There were rumors that Romney pushed the Florida Republican Party to move its primary up – incurring the wrath of the Republican National Party and costing them half of its 99 delegates – so as to front-load the early schedule. Given that the first three states will, for first the first time this cycle, split their delegates proportionally – last cycle the winner-take-all nature of the early states helped John McCain run away with the nomination early – Florida’s winner-take-all status could seal the front runner’s momentum and likely the nomination for whomever won it. But back then, Romney’s victory seemed a lot more inevitable and there is now some discussion that Florida’s winner-take-all status could be made proportional, thus potentially extending the race beyond Florida if there are still two strong candidates left standing by then.

On paper, Romney has a lot of advantages in Florida. First, he is the only candidate with enough money to really compete: blanket advertising in the Sunshine State costs $1.5 million a week. And he has the support of much of the establishment – either tacitly or overtly – with six of the state’s 19 GOP representatives endorsing him. And despite topsy turvy polling, which had Romney leading two months ago, Herman Cain in the lead last month and Gingrich ahead this month, Romney has maintained a constant edge in one key poll: month after month, Quinnipiac’s Florida survey has consistently found that Floridians believe that Romney is the only candidate who can beat President Obama. Even the Quinnipiac poll out last Thursday found Romney beating Obama by three points and Gingrich losing to the President by two, despite other polls showing Gingrich more than 20 points ahead of Romney among primary voters.

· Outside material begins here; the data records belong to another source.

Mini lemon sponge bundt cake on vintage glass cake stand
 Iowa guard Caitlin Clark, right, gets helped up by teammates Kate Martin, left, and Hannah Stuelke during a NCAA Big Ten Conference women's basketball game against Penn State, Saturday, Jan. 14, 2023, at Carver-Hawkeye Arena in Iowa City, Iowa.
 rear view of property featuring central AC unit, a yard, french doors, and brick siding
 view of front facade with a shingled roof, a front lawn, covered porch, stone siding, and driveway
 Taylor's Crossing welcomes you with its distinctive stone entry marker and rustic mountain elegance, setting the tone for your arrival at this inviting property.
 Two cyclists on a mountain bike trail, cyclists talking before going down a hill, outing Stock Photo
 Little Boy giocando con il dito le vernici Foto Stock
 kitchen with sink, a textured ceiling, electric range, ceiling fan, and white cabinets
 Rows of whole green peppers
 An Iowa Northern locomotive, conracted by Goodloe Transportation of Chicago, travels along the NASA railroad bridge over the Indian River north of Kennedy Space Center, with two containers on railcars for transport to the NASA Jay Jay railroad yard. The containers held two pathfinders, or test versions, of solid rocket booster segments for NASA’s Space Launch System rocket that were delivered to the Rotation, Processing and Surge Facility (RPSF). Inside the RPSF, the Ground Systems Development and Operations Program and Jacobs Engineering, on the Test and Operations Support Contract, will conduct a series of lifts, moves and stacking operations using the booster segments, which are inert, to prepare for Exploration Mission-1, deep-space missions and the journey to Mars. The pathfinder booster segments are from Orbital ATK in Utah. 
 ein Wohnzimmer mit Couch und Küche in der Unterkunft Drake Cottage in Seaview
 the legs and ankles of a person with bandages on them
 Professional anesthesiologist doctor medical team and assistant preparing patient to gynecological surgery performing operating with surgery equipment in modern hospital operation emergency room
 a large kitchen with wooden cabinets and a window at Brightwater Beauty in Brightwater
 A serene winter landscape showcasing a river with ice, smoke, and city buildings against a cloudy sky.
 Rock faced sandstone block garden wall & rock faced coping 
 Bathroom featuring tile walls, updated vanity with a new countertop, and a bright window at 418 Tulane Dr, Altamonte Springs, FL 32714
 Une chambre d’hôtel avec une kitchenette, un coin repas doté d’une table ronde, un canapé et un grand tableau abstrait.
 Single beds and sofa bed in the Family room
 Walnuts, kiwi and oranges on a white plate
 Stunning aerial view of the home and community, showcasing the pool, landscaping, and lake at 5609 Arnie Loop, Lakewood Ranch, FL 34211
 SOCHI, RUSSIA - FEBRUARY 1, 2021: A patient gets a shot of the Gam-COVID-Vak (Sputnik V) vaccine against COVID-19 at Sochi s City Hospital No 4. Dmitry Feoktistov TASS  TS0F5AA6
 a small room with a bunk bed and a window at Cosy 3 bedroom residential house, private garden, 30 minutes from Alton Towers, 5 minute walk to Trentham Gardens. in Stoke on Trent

Still, Florida has, in recent years, been less about the candidates and more about the voters. “There’s a sense of anger and of responsibility,” says Kathleen Shanahan, a former chief of staff to Jeb Bush who now runs a small business. “People are looking for politicians to be responsible. So, if you’re in a position of authority, it’s your responsibility not to toss the hot potato for years and years. That’s why Herman Cain had a boomlet.” Starting with Marco Rubio’s surprise win over former governor Charlie Crist for the 2010 GOP Senate nomination, followed by businessman Rick Scott’s upset primary victory in Florida’s 2010 gubernatorial race and, finally, in the straw poll over the summer where Cain surprised everyone with a big win over Texas Governor Rick Perry, Florida’s primary voters have proven they’re looking for something different, Shanahan says. Florida’s GOP primary electorate is “significantly defined by Tea Party voters,” she adds. “By virtue of what’s known today, and we are in December, Newt’s got a higher likelihood of receiving of their support.”

Sally Bradshaw, another former Bush chief of staff and senior adviser to Romney’s 2008 campaign, agrees. “Governor Romney does seem stuck at 25% in the polls,” she says. But what about Gingrich’s erratic past? “People seem to think they know Newt. Maybe it’s that he’s been around for so long. That’s why you’re seeing an even bigger margin in the polls for Newt. Voters, for whatever reason, feel like they have a relationship with him.” Indeed, in a TIME/CNN/ORC poll released last Wednesday, Gingrich led Romney 48% to 25%, a stunning 39-point leap for Gingrich from the same poll taken in late October. Perhaps even more importantly, Gingrich led among Tea party voters 62% to Romney’s 18%.

Who will win Florida? It’s clear if the race were held today, Gingrich would have the advantage. But a lot could, and will, happen before the Jan. 31 primary. And the state still looks likely to, if not determine, then strongly sway the nominating process. “The party’s position has been for many months now that we needed to go early and by ourselves so our voice would be heard loud and clear. Given the size and diversity of our state, it’s a pretty good sample of what you’d see in a national election,” says Leonard Curry, chairman of the Florida Republican Party. “If it’s not the deciding factor, it will be very close to it – to pushing the nominee over the line.”